Transcribe every record verbatim.

* * *

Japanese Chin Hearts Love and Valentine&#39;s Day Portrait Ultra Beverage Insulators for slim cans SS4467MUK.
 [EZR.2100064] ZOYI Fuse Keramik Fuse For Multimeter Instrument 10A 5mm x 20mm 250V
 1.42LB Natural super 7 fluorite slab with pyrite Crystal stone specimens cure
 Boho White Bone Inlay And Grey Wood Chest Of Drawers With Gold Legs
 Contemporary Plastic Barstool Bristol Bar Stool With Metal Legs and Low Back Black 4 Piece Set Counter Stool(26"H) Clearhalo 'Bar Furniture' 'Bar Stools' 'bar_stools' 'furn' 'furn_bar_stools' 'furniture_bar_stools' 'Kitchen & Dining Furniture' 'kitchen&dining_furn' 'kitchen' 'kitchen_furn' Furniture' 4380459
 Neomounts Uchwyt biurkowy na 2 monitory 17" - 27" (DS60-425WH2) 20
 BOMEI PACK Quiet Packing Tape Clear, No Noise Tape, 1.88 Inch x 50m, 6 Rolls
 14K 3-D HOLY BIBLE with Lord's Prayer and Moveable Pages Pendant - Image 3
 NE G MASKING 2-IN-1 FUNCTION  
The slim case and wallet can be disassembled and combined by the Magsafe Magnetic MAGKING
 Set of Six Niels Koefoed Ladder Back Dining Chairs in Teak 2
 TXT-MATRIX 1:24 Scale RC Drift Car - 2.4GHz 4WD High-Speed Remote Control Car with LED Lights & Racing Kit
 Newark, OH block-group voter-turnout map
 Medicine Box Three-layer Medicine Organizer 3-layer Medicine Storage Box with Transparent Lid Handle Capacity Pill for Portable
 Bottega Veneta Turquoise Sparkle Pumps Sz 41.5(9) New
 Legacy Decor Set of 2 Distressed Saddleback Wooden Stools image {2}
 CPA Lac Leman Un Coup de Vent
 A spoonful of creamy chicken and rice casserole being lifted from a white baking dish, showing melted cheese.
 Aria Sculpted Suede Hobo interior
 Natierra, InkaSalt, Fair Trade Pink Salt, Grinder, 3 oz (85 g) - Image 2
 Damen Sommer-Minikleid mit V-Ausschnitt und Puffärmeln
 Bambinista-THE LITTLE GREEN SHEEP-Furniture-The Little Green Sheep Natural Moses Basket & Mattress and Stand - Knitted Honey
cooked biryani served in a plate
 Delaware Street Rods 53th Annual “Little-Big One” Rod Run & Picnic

* * *

## [Exercise response]
Japanese Chin Hearts Love and Valentine&#39;s Day Portrait Ultra Beverage Insulators for slim cans SS4467MUK.
 [EZR.2100064] ZOYI Fuse Keramik Fuse For Multimeter Instrument 10A 5mm x 20mm 250V
 1.42LB Natural super 7 fluorite slab with pyrite Crystal stone specimens cure
 Boho White Bone Inlay And Grey Wood Chest Of Drawers With Gold Legs
 Contemporary Plastic Barstool Bristol Bar Stool With Metal Legs and Low Back Black 4 Piece Set Counter Stool(26"H) Clearhalo 'Bar Furniture' 'Bar Stools' 'bar_stools' 'furn' 'furn_bar_stools' 'furniture_bar_stools' 'Kitchen & Dining Furniture' 'kitchen&dining_furn' 'kitchen' 'kitchen_furn' Furniture' 4380459
 Neomounts Uchwyt biurkowy na 2 monitory 17" - 27" (DS60-425WH2) 20
 BOMEI PACK Quiet Packing Tape Clear, No Noise Tape, 1.88 Inch x 50m, 6 Rolls
 14K 3-D HOLY BIBLE with Lord's Prayer and Moveable Pages Pendant - Image 3
 NE G MASKING 2-IN-1 FUNCTION  
The slim case and wallet can be disassembled and combined by the Magsafe Magnetic MAGKING
 Set of Six Niels Koefoed Ladder Back Dining Chairs in Teak 2
 TXT-MATRIX 1:24 Scale RC Drift Car - 2.4GHz 4WD High-Speed Remote Control Car with LED Lights & Racing Kit
 Newark, OH block-group voter-turnout map
 Medicine Box Three-layer Medicine Organizer 3-layer Medicine Storage Box with Transparent Lid Handle Capacity Pill for Portable
 Bottega Veneta Turquoise Sparkle Pumps Sz 41.5(9) New
 Legacy Decor Set of 2 Distressed Saddleback Wooden Stools image {2}
 CPA Lac Leman Un Coup de Vent
 A spoonful of creamy chicken and rice casserole being lifted from a white baking dish, showing melted cheese.
 Aria Sculpted Suede Hobo interior
 Natierra, InkaSalt, Fair Trade Pink Salt, Grinder, 3 oz (85 g) - Image 2
 Damen Sommer-Minikleid mit V-Ausschnitt und Puffärmeln
 Bambinista-THE LITTLE GREEN SHEEP-Furniture-The Little Green Sheep Natural Moses Basket & Mattress and Stand - Knitted Honey
cooked biryani served in a plate
 Delaware Street Rods 53th Annual “Little-Big One” Rod Run & Picnic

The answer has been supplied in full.